About this task:
Would you return exactly the lines from the top of the data below through the one containing "图片[3]-成人资源：‌神似", leaving out the pictures?
——————
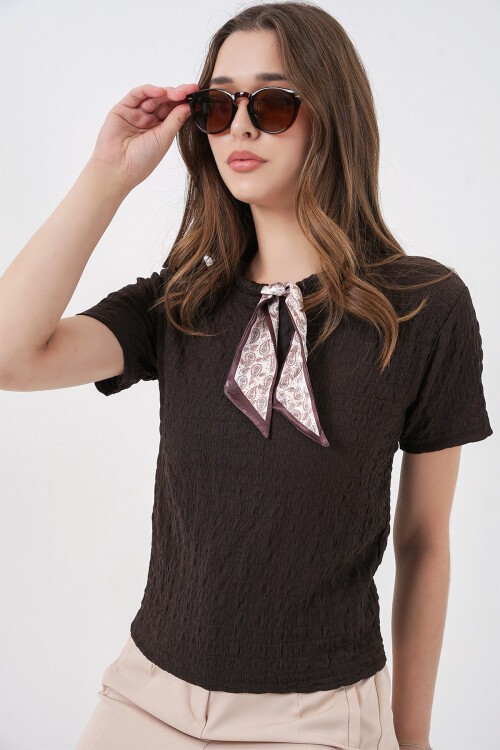 Kadın Kısa Kol Fularlı Örme Bluz 981 - Kahverengi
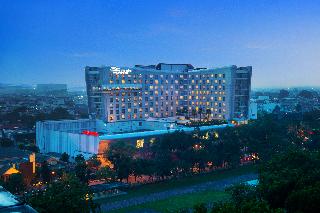 Hotel Santika Premiere Dyandra Hotel & Convention otel fotoğrafı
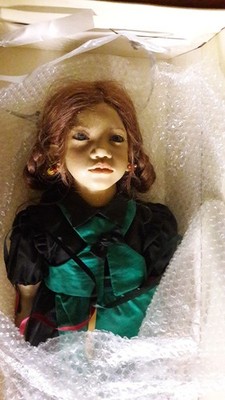 Puppe von Anette Himstedt ''Madina'' neu im Originalkarton ohne Zertifikat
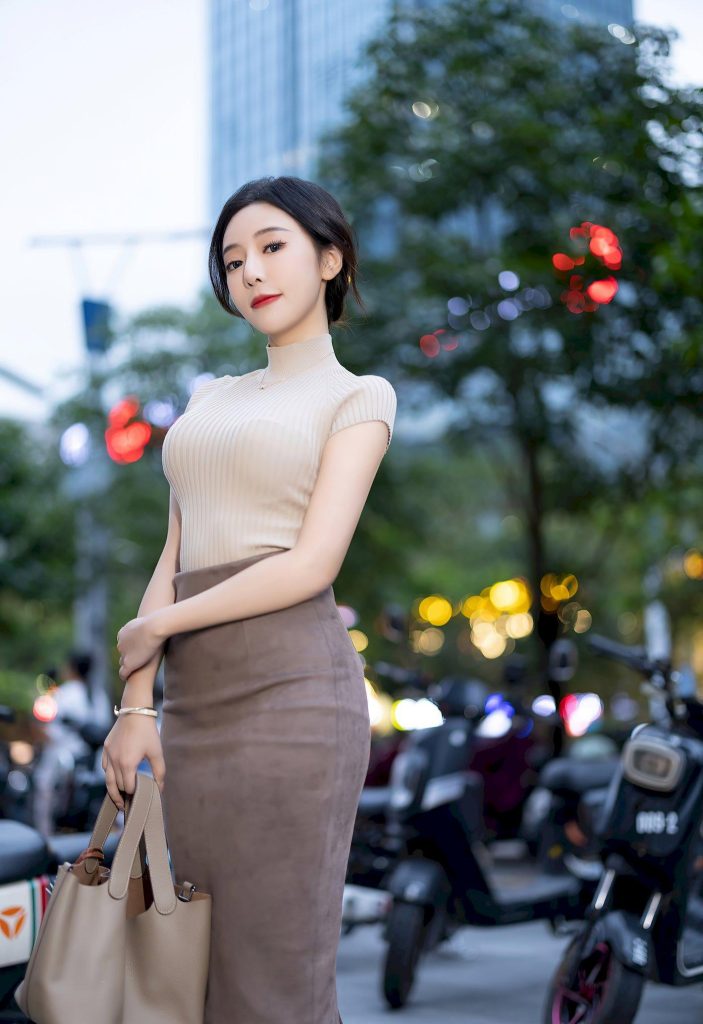 图片[3]-成人资源：‌神似陈乔恩的都市丽人！米白针织裙配裸色高跟，优雅与性感并存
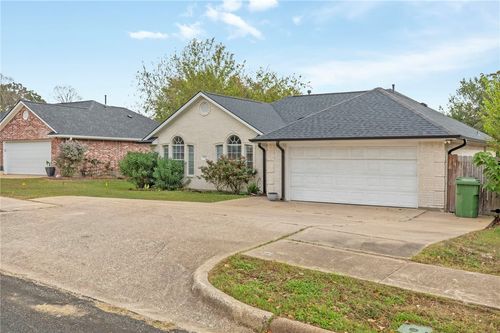 2511 Westwood Main Dr, Bryan, TX, 77807-2608 | Card Image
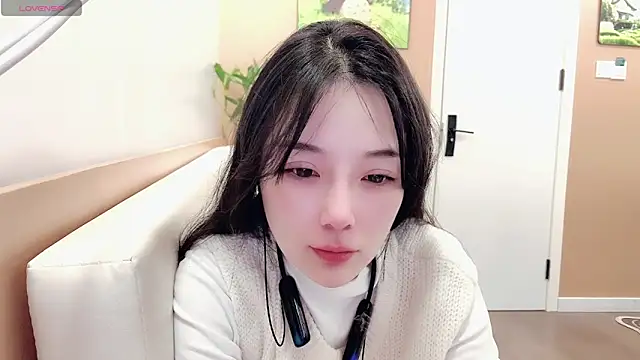 AKiKi711 online show from February 4, 4:24 pm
——————
Solution to this exercise:
 Kadın Kısa Kol Fularlı Örme Bluz 981 - Kahverengi
 Hotel Santika Premiere Dyandra Hotel & Convention otel fotoğrafı
 Puppe von Anette Himstedt ''Madina'' neu im Originalkarton ohne Zertifikat
 图片[3]-成人资源：‌神似陈乔恩的都市丽人！米白针织裙配裸色高跟，优雅与性感并存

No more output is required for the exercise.